This is forcing Australians to make tough decisions about visiting family overseas or interstate. The only ones not making tough decisions are Labor.

So why would Labor discourage more visitors, more freight, more money flowing into our tourism economy, and cheaper prices for Australians? Honestly, we don’t know, because Labor won’t tell us. 

Minister King has repeatedly failed to justify her decision to block more competition in the aviation market. She said that more competition and more seats is not in the national interest. She has said that “it was not just one factor that led to this particular decision,” referring variously to human rights concerns, sustainability, and to protect jobs. But unless the Minister can come forward with more information, none of these reasons cuts the mustard. 

When I questioned Virgin Australia at the Cost of Living Committee, they said they couldn’t see how Qatar’s request for 21 extra flights, which will bring in investment and economic activity, could cost any Australian jobs at all. In fact, it would create them. 

One industry expert has estimated that approving the Qatar decision could have led to up to four additional international services into major Australian airports a day; up to one million additional seats per year. 

This decision to block extra flights comes soon after Labor cancelled the direction to the ACCC to monitor competition in the airline industry – a key transparency mechanism that has revealed that prices for airfares remain high even as costs come down.

As ACCC chair Gina Cass-Gottlieb said, “[w]ithout a real threat of losing passengers to other airlines, … groups have had less incentive to offer attractive airfares, develop more direct routes, operate more reliable services, and invest in systems to provide high levels of customer service.”

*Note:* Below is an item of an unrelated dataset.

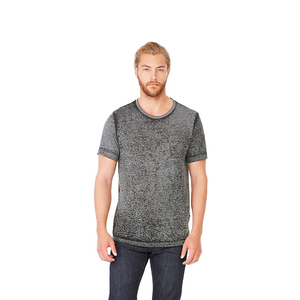 T-shirt vintage surdimensionné délavé à l'acide 2025, 100 % coton, haute qualité, lourd, coupe décontractée, motif uni, lavage minéral, best-seller - Product Image 2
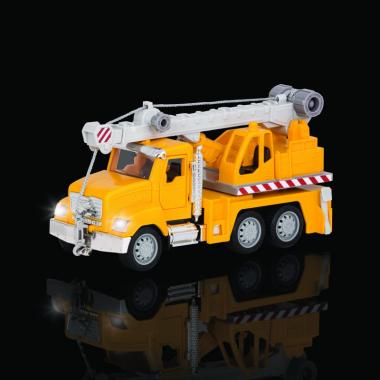 DRIVEN Car model MICRO Mobile crane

But thanks to Labor, competition in the air is now – conveniently – a market without the ACCC’s oversight.

This government campaigned on transparency. All the publicly available information – not to mention basic economics – suggests that more airline flights will mean more capacity, more competition, and ultimately lower prices for consumers. In a cost of living crisis, lower prices sounds to me like something that would be in the national interest. If it’s not, Minister King needs to say why.

Jane Hume is the Shadow Minister for Finance, the Shadow Minister for the Public Service and the Shadow Special Minister of State, Senator for Victoria.